• [Exercise description]: Your output must be the lines below from the line containing "Crystal UHD 4K" to the line containing "238 S 2nd St, Saint Clair, PA 17970", both lines included, reproduced exactly and without pictures.

• [Caption-style text data]:
::::::::::

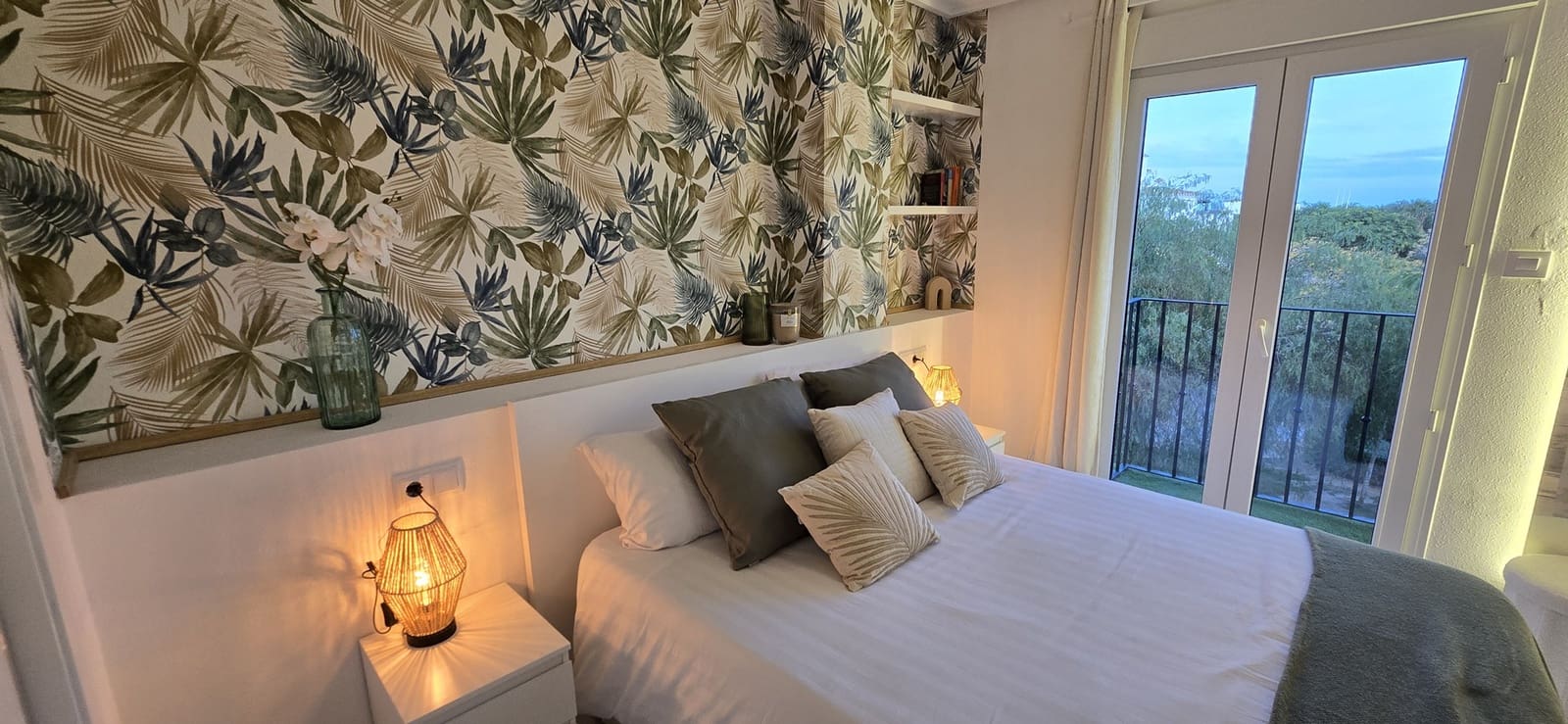 2 Zimmer Apartment zu verkaufen in Avileses - 189.900 € (Ref: 9367306)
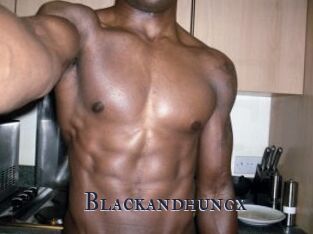 Blackandhungx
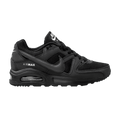 Nike Air Max Command Flex GS 'Black'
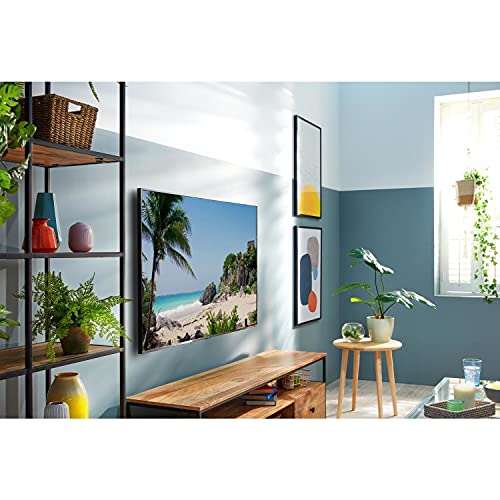 Samsung 65" Smart TV with Crystal UHD 4K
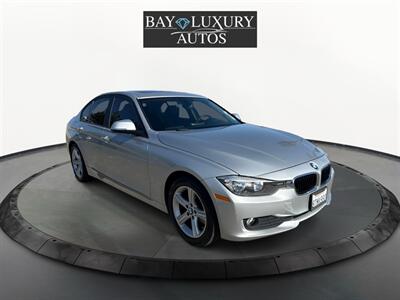 2014 BMW 320i   - Photo 3 - Dublin, CA 94568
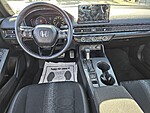 Used 2025 Honda Civic SPORT CVT in LUMBERTON, NORTH CAROLINA (Photo 11)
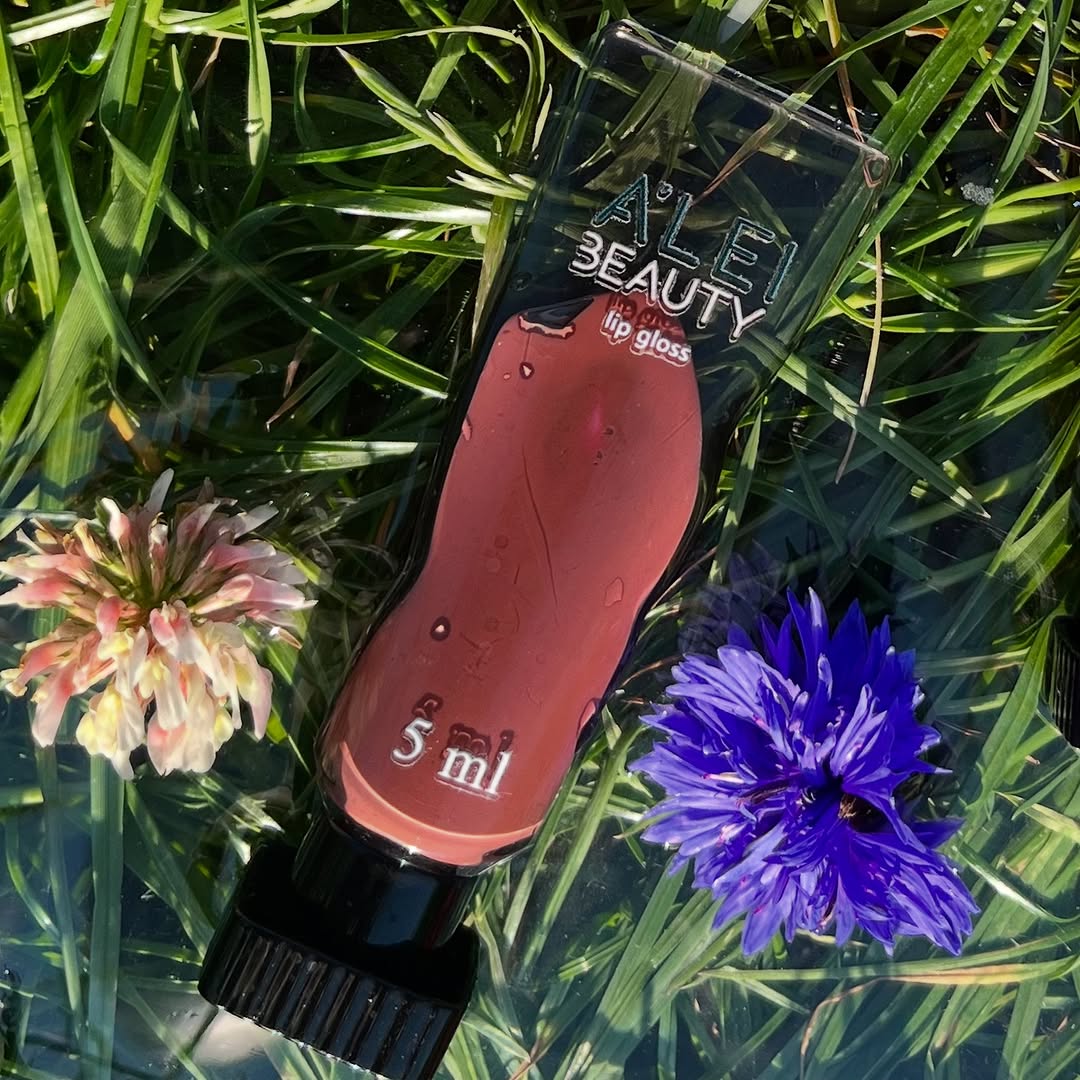Alei Beauty logo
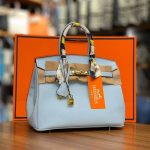 کیف دستی زنانه HERMÈS Birkin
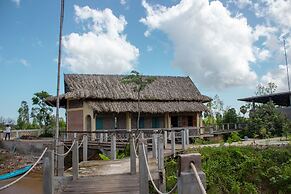 Kampot Eco Village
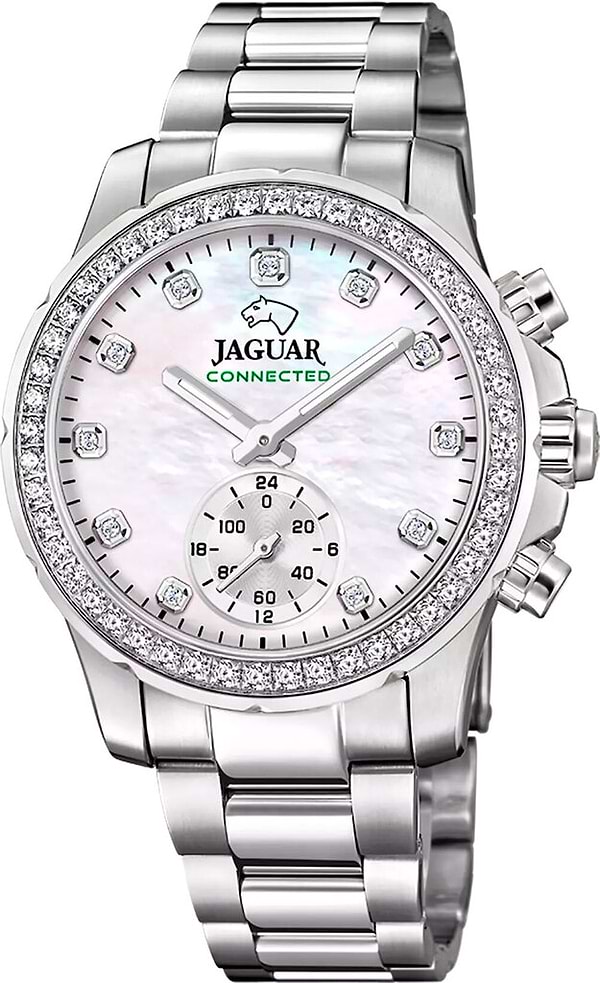 Фото - Смарт-годинник Jaguar Connected Lady J980/1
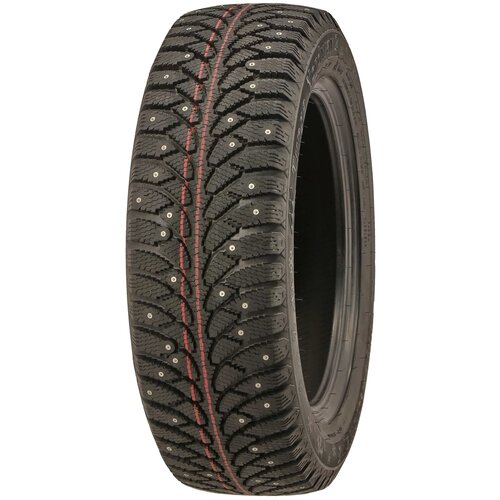 Зимние шипованные шины Nokian Tyres Nordman 8 SUV 265/65 R17 116T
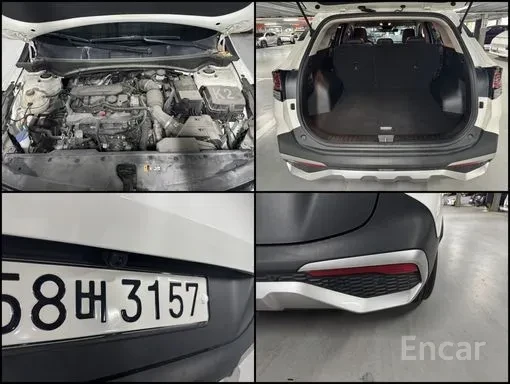 Kia Sportage 1.6 / 2WD / ЛИЗИНГ, снимка 12 - Автомобили и джипове - 54897919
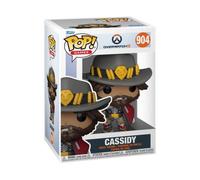 FUNKO POP: OVERWATCH 2 - CASSIDY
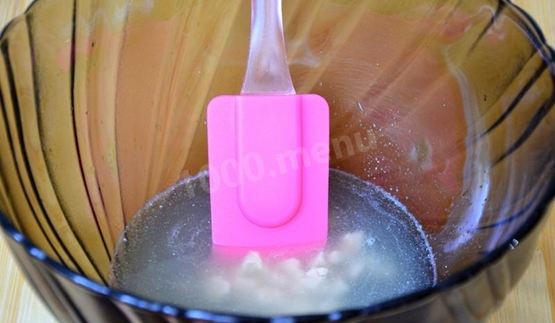 гречневый хлеб в духовке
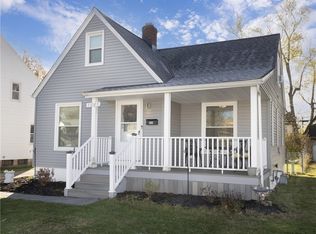 5005 Montauk Ave, Parma, OH 44134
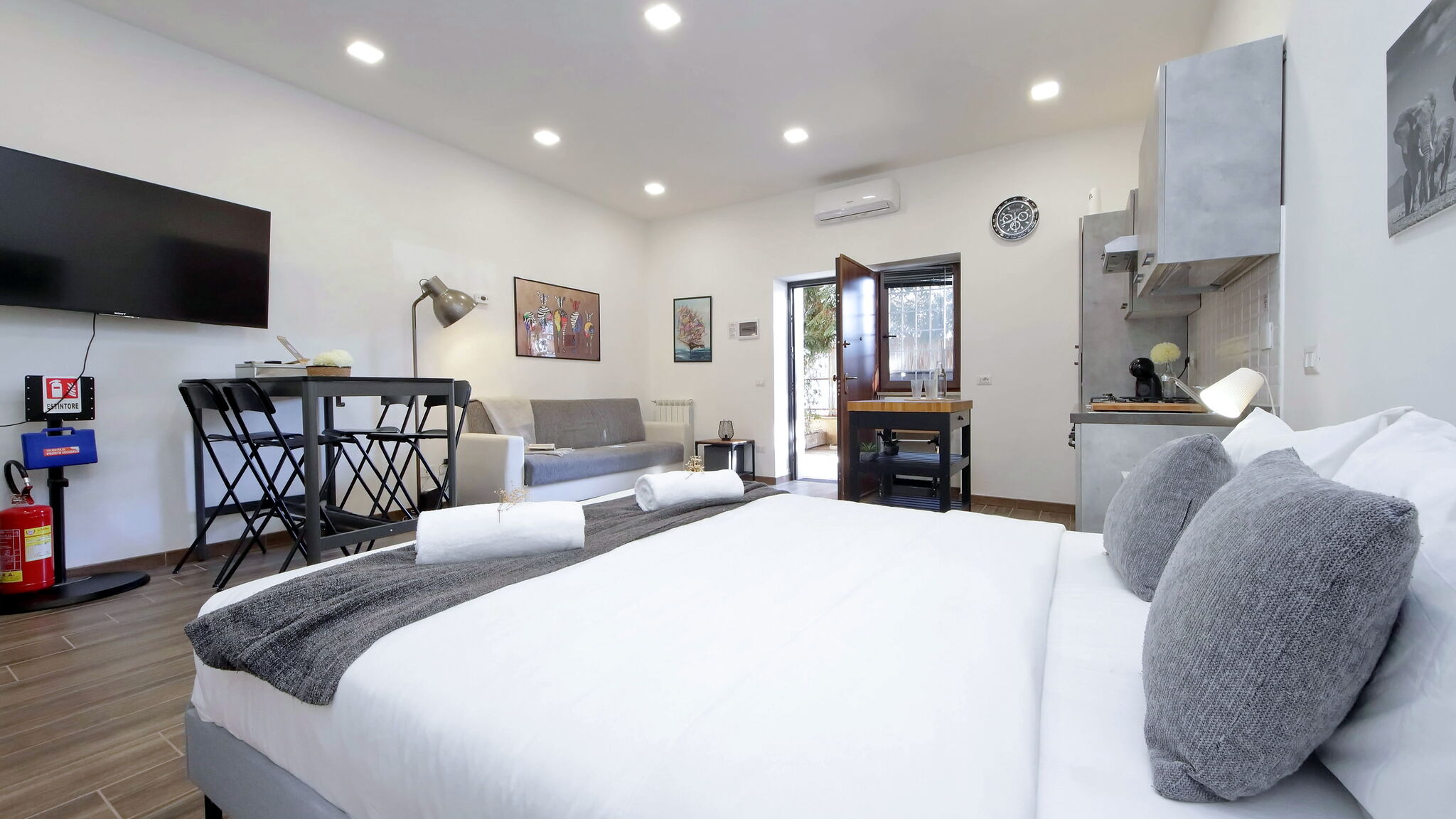 Italianway Roma A Casa di Stefano 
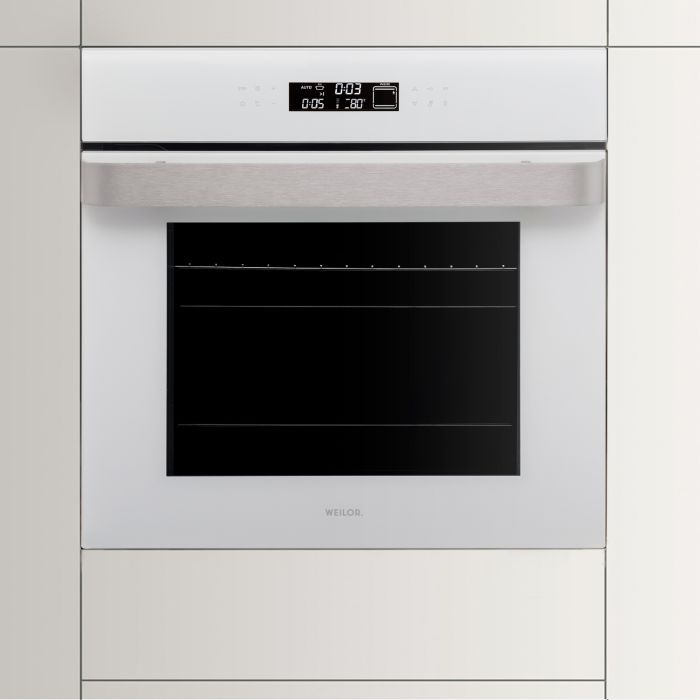 Духовой шкаф Weilor FTO6F11WT изображение 2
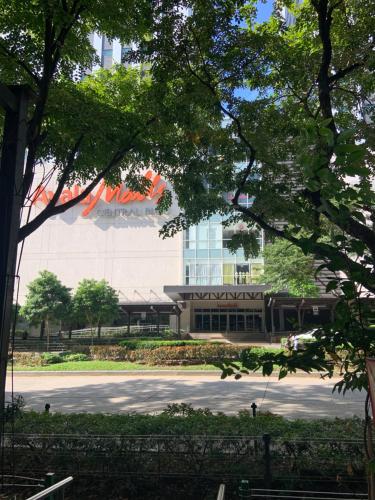 Cozy on the 28th! IT Park Cebu City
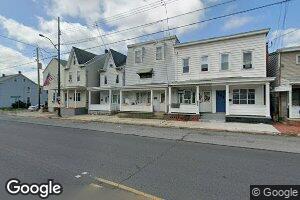 238 S 2nd St, Saint Clair, PA 17970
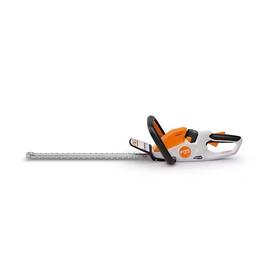 Stihl 886661869800 Hsa 40 Cordless Hedge Trimmer Tool Only No Battery Or Charger Included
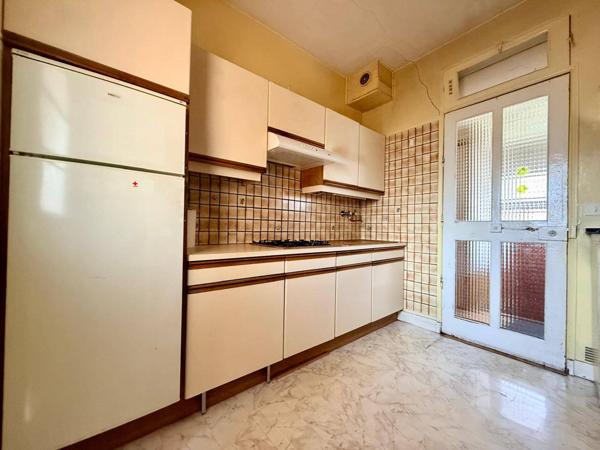 MAISON INDIVIDUELLE - GRAND TERRAIN  PLIEN SUD ARGENTEUIL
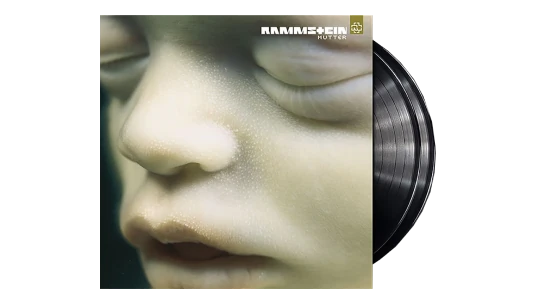 Album ”Mutter” Vinyl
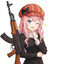 ChikAK-47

::::::::::

• [Written response]:
 Samsung 65" Smart TV with Crystal UHD 4K
 2014 BMW 320i   - Photo 3 - Dublin, CA 94568
 Used 2025 Honda Civic SPORT CVT in LUMBERTON, NORTH CAROLINA (Photo 11)
Alei Beauty logo
 کیف دستی زنانه HERMÈS Birkin
 Kampot Eco Village
 Фото - Смарт-годинник Jaguar Connected Lady J980/1
 Зимние шипованные шины Nokian Tyres Nordman 8 SUV 265/65 R17 116T
 Kia Sportage 1.6 / 2WD / ЛИЗИНГ, снимка 12 - Автомобили и джипове - 54897919
 FUNKO POP: OVERWATCH 2 - CASSIDY
 гречневый хлеб в духовке
 5005 Montauk Ave, Parma, OH 44134
 Italianway Roma A Casa di Stefano 
 Духовой шкаф Weilor FTO6F11WT изображение 2
 Cozy on the 28th! IT Park Cebu City
 238 S 2nd St, Saint Clair, PA 17970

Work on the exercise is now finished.